Traffic-Aware Partition and Aggregation in Map Reduce for Big Data Applications

DOI : 10.17577/IJERTCONV5IS17036

Download Full-Text PDF Cite this Publication

Text Only Version

Traffic-Aware Partition and Aggregation in Map Reduce for Big Data Applications

M. Supriya

M.E Student,

Department of Computer Science and Engineering, Institute of Road and Transport Technology, Erode.

Abstract:- The purpose of the system to cut down network traffic cost. Map out a novel intermediate data participant schema. The map reduce type simplifies the large scale data deal with product group even though many times effort have been made to maximize the execution of map reduce work. They ignore the network effects which conclude. A fundamental part in implementation update. A hash capacity made use of session middle of the topology among minimizes the task even so is note movement valued in network topology. At last board reproduced outcome that shows at the proposed algorithm can together minimize network cost under both offline and online cases.
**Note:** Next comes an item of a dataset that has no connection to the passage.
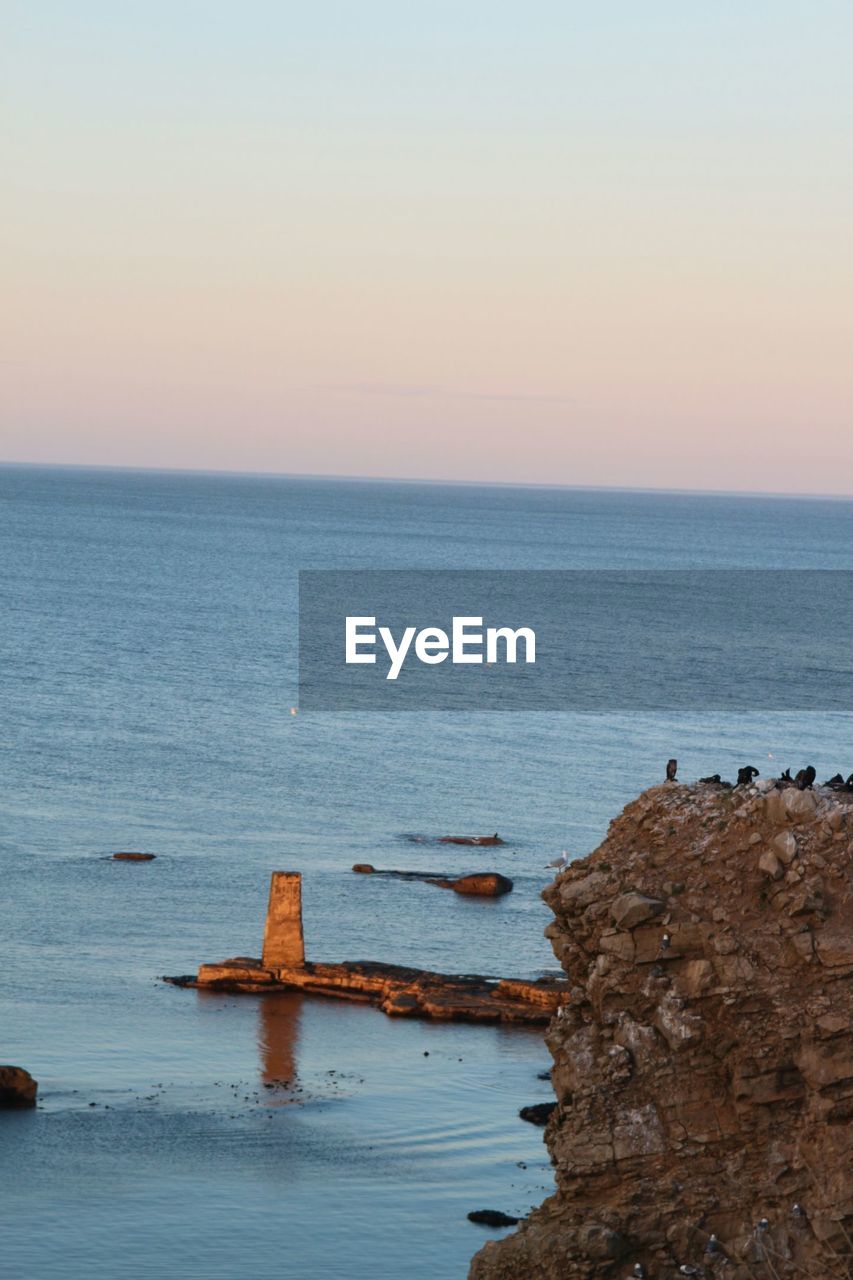 SCENIC VIEW OF SEA WITH ROCKS IN BACKGROUND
Keywords Data Aggregation, Decomposition-based distributed Algorithm, Big Data, Online Hash-based Partition with Aggregation, Online Hash-based Partition with Random Aggregation.

  1. INTRODUCTION

    Map Reduce is one of the most popular computer frameworks for big data processing. Hadoop is a java based programming language. Hadoop having map reduce and hadoop distributed file system. Map Reduce divides a computation into map and reduce, which carried out by several map tasks and reduce tasks, respectively. In the map phase, map tasks are launched in parallel to convert the original input splits into intermediate data in a form of key/value pairs. Local machine stored all the key/value pair and organized into multiple data partitions. Each cut off task fetches its own share of data partitions from all map tasks to create the final result. There will be a shuffle step between map and reduce phase. The data produced by the map phase are ordered cause of data and transferred to the appropriate machines implement the reduce phase. The outcome of network traffic pattern are all map tasks to all reduce tasks can create a great volume of network traffic, imposing a serious control the efficiency of data analytic Applications. By default, intermediate data are shuffled according to a hash function in Hadoop. This would lead to vast network traffic because it ignores network topology and data size associated with each key. It manipulates right away after a map task solely for its cause data, fails to use the data aggregation opportunities among multiple tasks on different machines. Map Reduce job purpose is to minimize the total network traffic.

  2. RELATEDWORK

    Related work on mapreduce performance improvement by optimizing data by lead of an optimizing

    network usage. System performance better and found but high network utilization and network congestion occurred simultaneously with good performance. Network traffic can be reduced by locality-awareness in the shuffle phase generated in the cloud data center.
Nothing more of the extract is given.